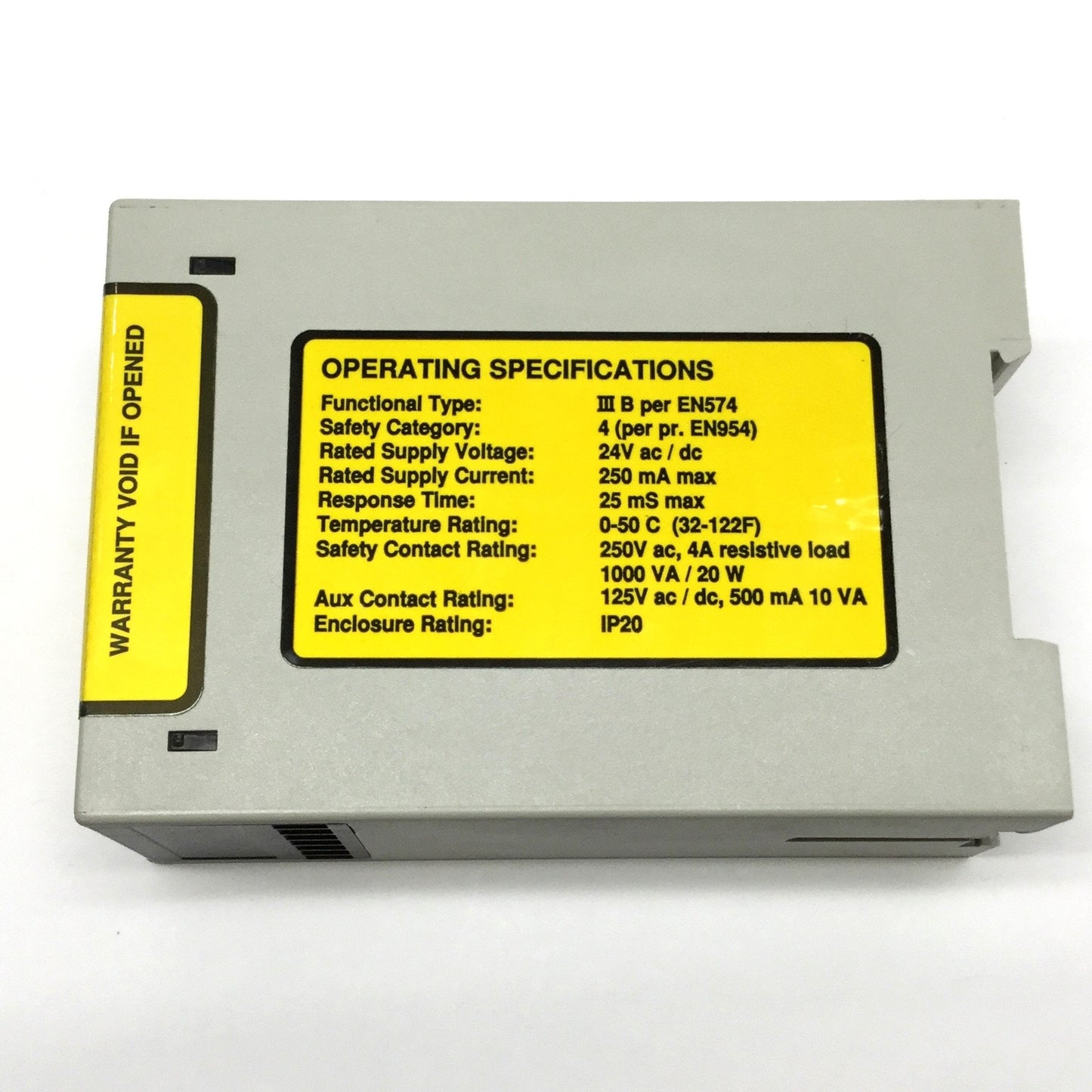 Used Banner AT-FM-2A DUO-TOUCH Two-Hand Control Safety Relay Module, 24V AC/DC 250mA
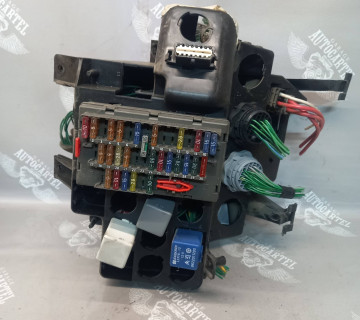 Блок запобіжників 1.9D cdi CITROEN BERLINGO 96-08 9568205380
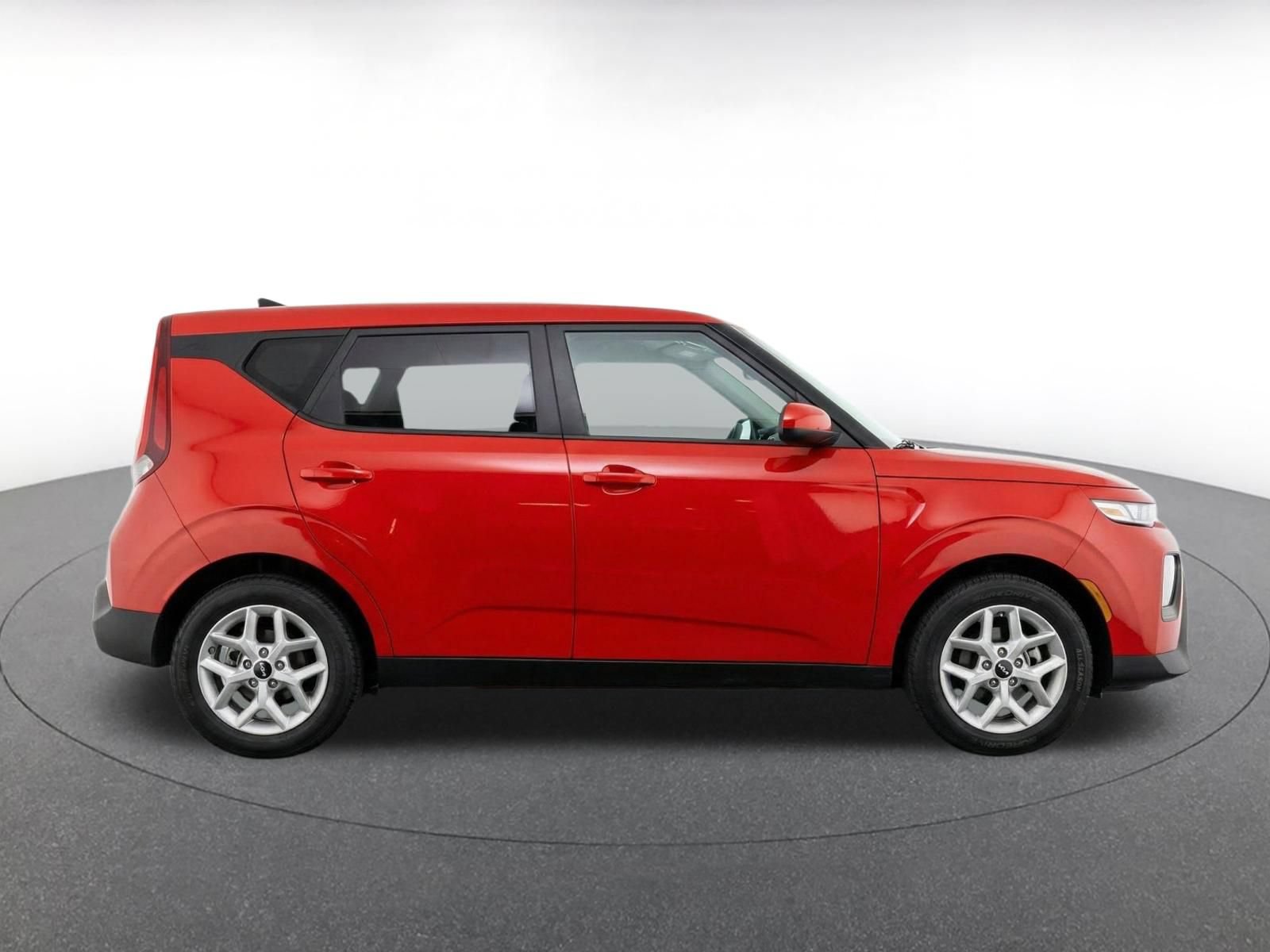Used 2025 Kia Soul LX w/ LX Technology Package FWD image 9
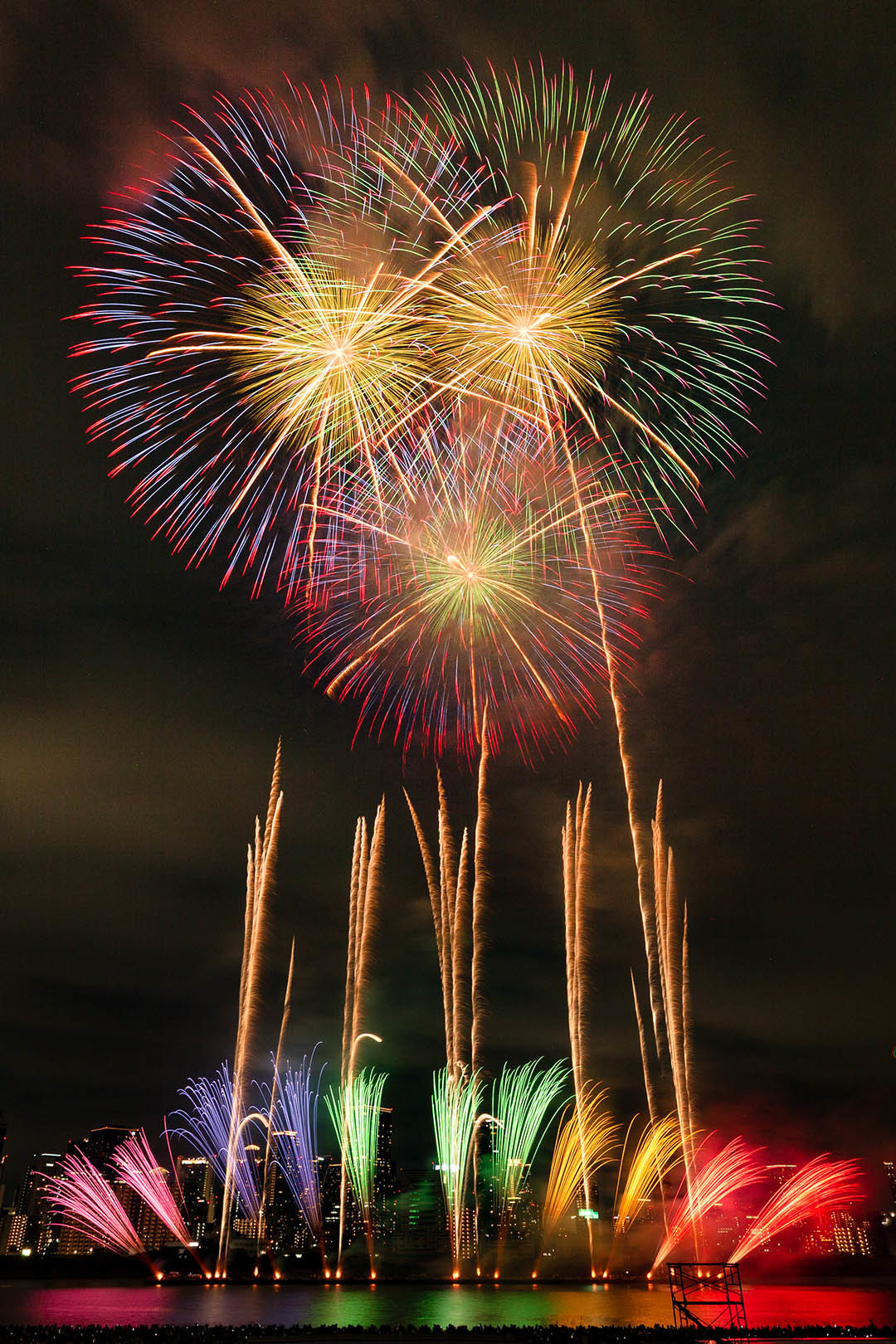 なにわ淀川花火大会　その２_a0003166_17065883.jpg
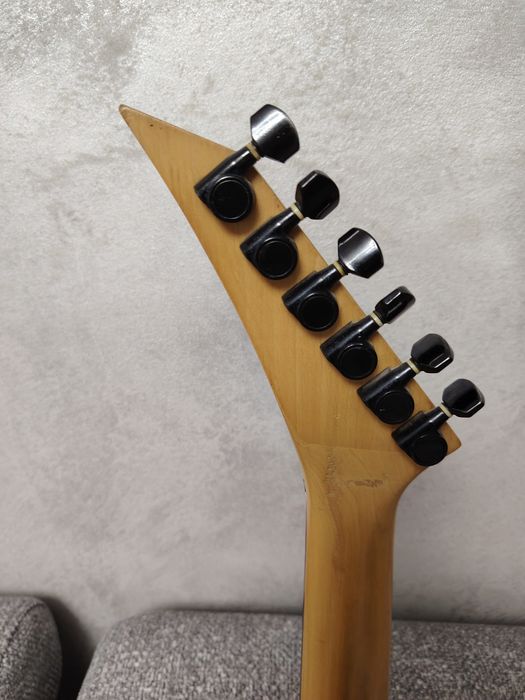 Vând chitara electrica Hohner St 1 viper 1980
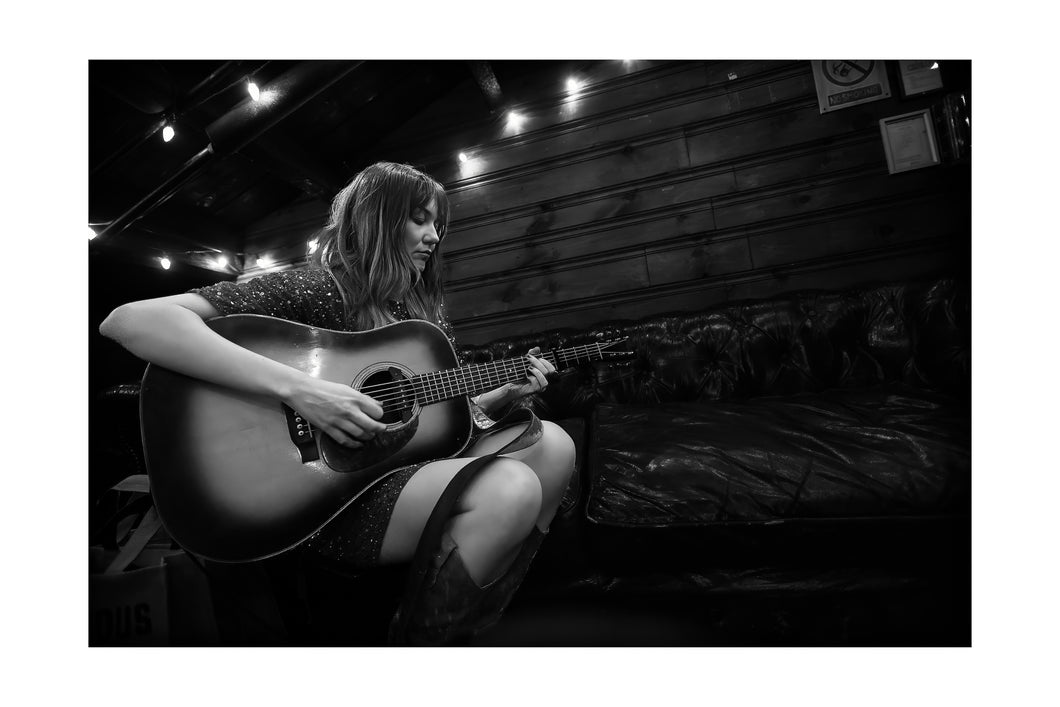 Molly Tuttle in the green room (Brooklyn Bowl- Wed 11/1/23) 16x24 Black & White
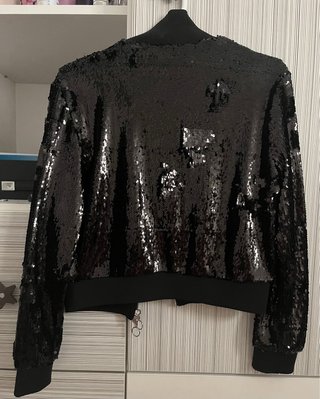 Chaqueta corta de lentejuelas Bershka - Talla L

________

→ TASK REQUIREMENTS
From the line with "なにわ淀川花火大会　その２_a0003166_17065883.jpg" to the last line above, restate each line word for word, but skip the pictures.

→ ANSWER
 なにわ淀川花火大会　その２_a0003166_17065883.jpg
 Vând chitara electrica Hohner St 1 viper 1980
 Molly Tuttle in the green room (Brooklyn Bowl- Wed 11/1/23) 16x24 Black & White
 Chaqueta corta de lentejuelas Bershka - Talla L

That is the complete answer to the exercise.